Intermarket Arbitrage (stocks)

Discussion in 'Trading' started by closdubois, Feb 9, 2007.

  1. Let's say a company is cross-listed on two exchanges and there's a spread (after currency conversion) between the prices. How does someone profit from this? Is it possible to buy on one exchange and sell on the other? Or does he have to buy the 'cheaper' one and hope the prices converge?
     
  2. dont

    dont

    Yes its possible

    But you need to take brokerage into account. Dividend payments. You have to buy the cheap and sell the expensive. You can't just buy the cheap, because the expensive share could come down and the cheap stay where its is.

    In addition to buying the cheap share in one currency and selling the other in another currency, you need to do a spot currency trade in the opposite direction.

    The best way to unwind is to instruct your broker to deliver the shares you are long to the exchange you are short, any currency movement is offset by your spot currency hedge.

    If you unwind both legs you pay brokerage all over again.

    By the way sitting on the bid/offer on one share and then trying to trade the other at the offer/bid is not arbitrage.

    Normally these situations are watched by the big brokers and banks and are traded electronically. And then settled as I described above.

    For this reason the spreads are small and you need massive positions to make a decent coin at the end of the day.

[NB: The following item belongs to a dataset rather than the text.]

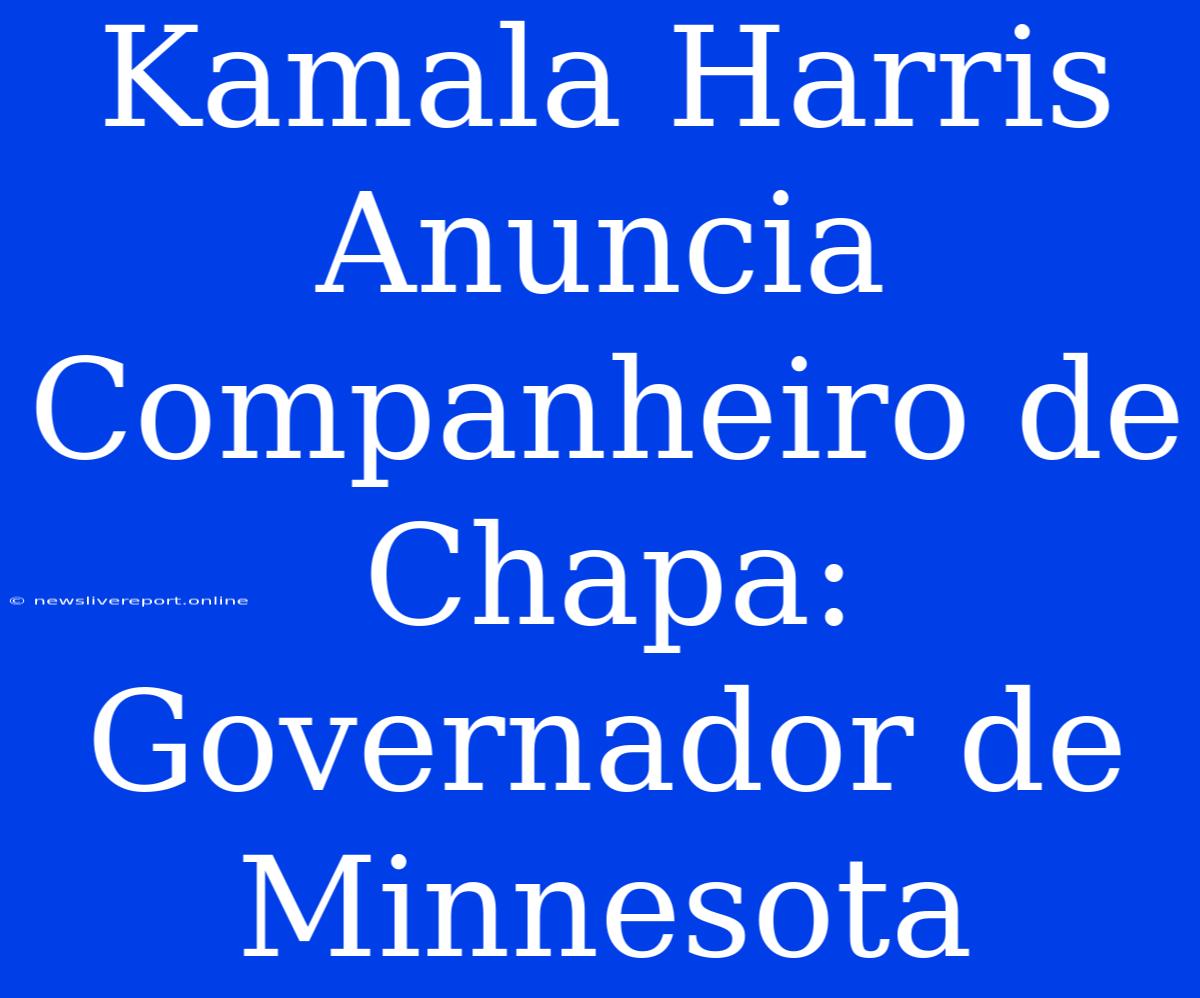 Kamala Harris Anuncia Companheiro De Chapa: Governador De Minnesota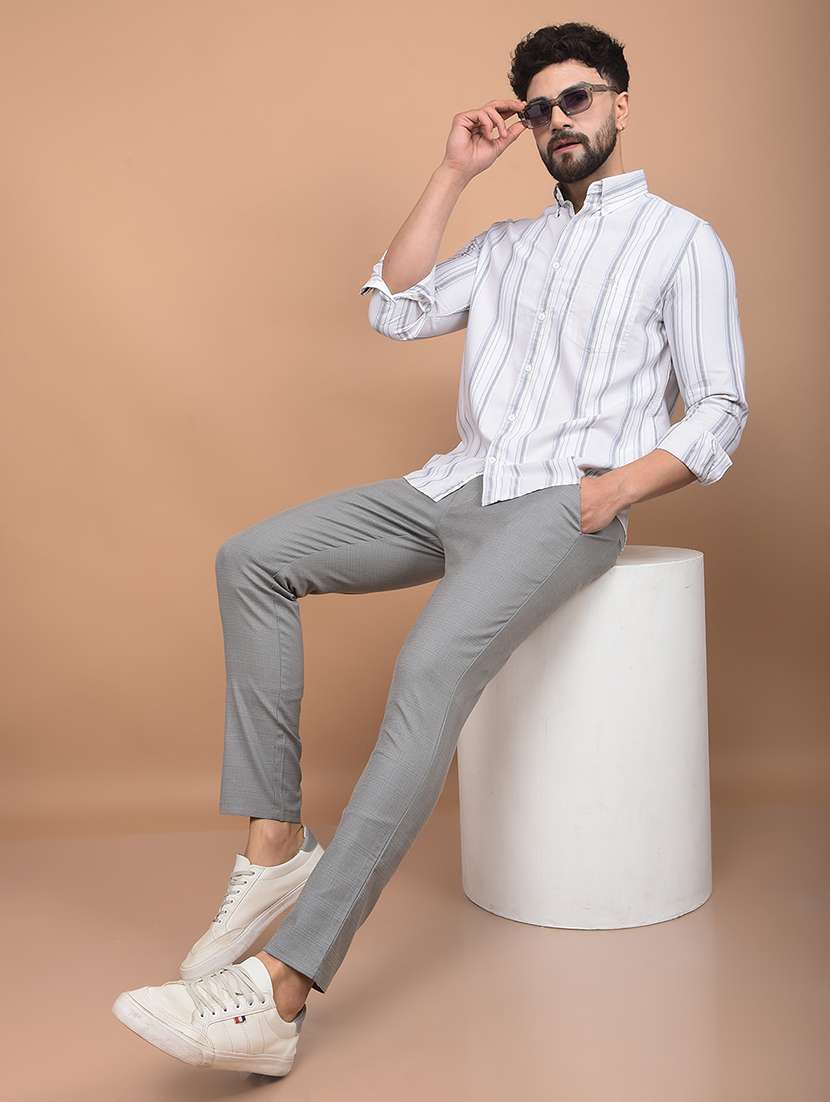 men long sleeves striped casual shirt - 21716220 -  Standard Image - 4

    Also be careful of stocks listed on two exchanges in different time zones.
     
  3. What about doing this with stock index futures?
     
  4. The IB TWS doesn't let me trade across exchanges. Does that mean I have to call in every time to make a trade? They seem to be the only one that offers foreign markets...
     
  5. You have to open two seperate trading accounts from two totally different brokers. Then arbitrage trade your two seperate accounts against each other. Many traders have multiple brokerage accounts.
     
  6. dont

    dont

    Assuming the Indexes are the same it should work fine but remember you have an open currency position. I can't see if you have a universal account with IB why you can't do it?
     
  7. He didn't say he was trading currencies.
     
  8. dont

    dont

    If he sells an Index in one currency and buys it in another currency he has a currency exposure!

    Unless he is talking about trading an Index on two exchanges in one country and if thats the USA then what does he think smart routing is for.
     
  9. Can you illustrate that with an example?
     
  10. Don't know how. I just heard they do it. I never did it myself. The way somebody explained it to me was like this: The mini S&P trades at .25 increments and the big S&P trades at .20 cent increments. So they can buy and sell each other all day long and make money. That's all I know. Maybe somebody can recommend a book, DVD or a mentor that teaches this sort of arbitrage. I think it's called index arbitrage. I never tried it myself. Maybe somebody else knows better.